Manage expiration of cached assets with Service Worker caching

Posted on January 05, 2019 in Dev • 4 min read

My Cygnal app uses OSM map tiles to render the map on which the reports are shown. It is meant to be used in realtime, on your mobile phone, mounted on your bike and there can often be some network issues in this setup.

I was looking for a way to cache the map tiles locally, so that if the tile has already been used recently, the mobile phone would not download it once again (then sparing some network bandwidth and displaying the map even with network issues).

The most basic option is to rely on the HTTP headers for cache control. Sadly, these are set by the server and the client side has no easy control on them and the caching strategy. Additionally, the browser may not serve the cached file if the server end is not reachable (in case of network issue).

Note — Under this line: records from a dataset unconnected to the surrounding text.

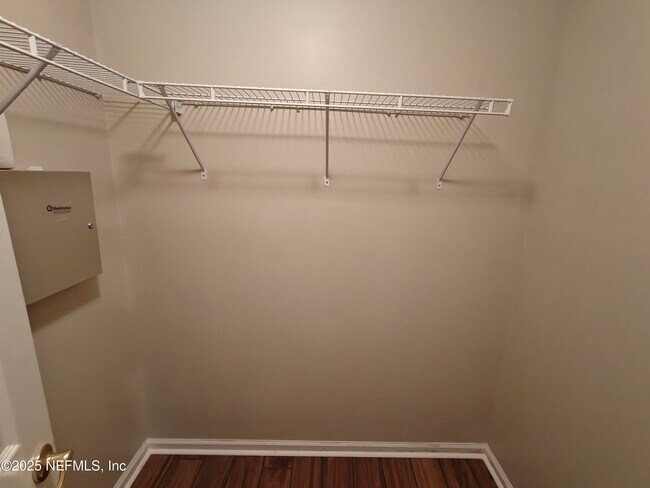 Building Photo - 1505 Majestic View Ln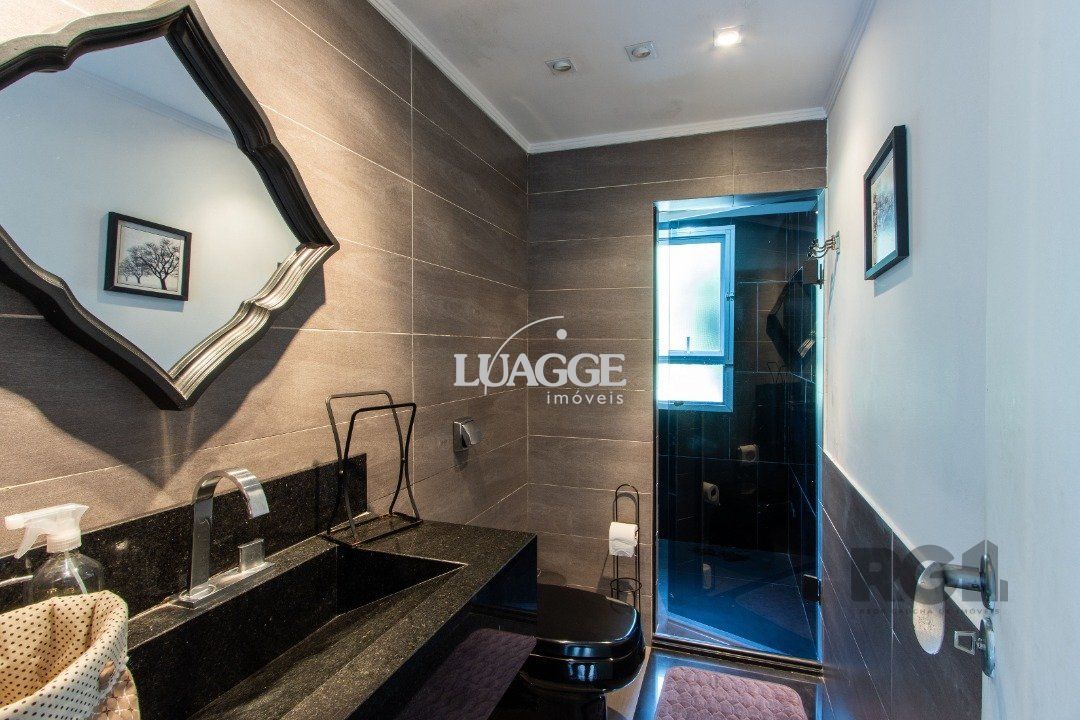 Casa à venda com 4 quartos, 282m² - Foto 9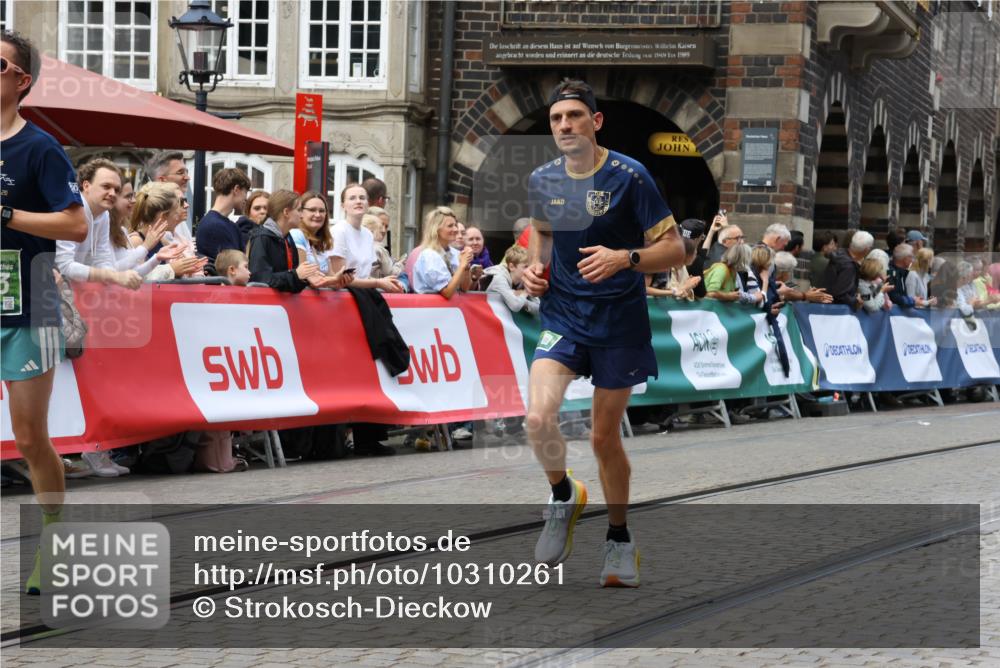 13.09.2026 - 21. swb-Marathon Bremen Strokosch-Dieckow http://msf.ph/oto/10310261 13.09.2026 13:03:40 Ziel 1372, 1950, 7206, 7478, 7715, 8028, 1587, 2889, 3500, 8096, 9642 meine-sportfotos.de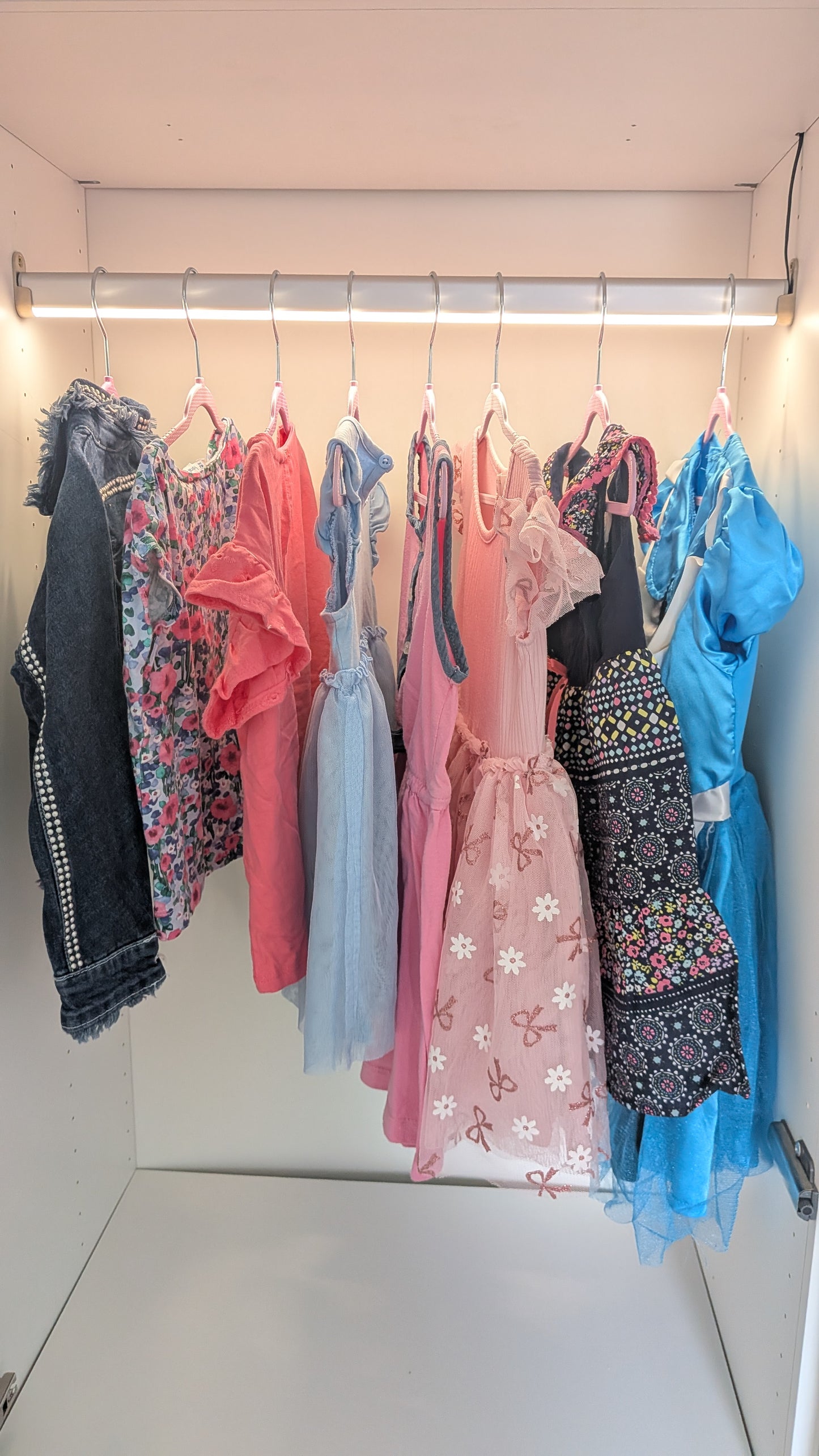 LEDs Wardrobe Hanging Rails Light with Integrated Illumination | Warm White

Another approach is to have a look at Service Workers which have a Caching API. This is the way I decided to use and I will now detail it. I will not cover the basics of Service Workers and Caching API, which are already well covered on the web, but instead describe my particular setup to cache responses and control cache expiration.

The main issue we have to face with the Caching API is that caching is done indefinitely and it is the app’s role to delete expired items from the cache. Additionally, there seems to be no way of accessing the date at which an entry was put in the cache, so we have to find a trick to keep this info.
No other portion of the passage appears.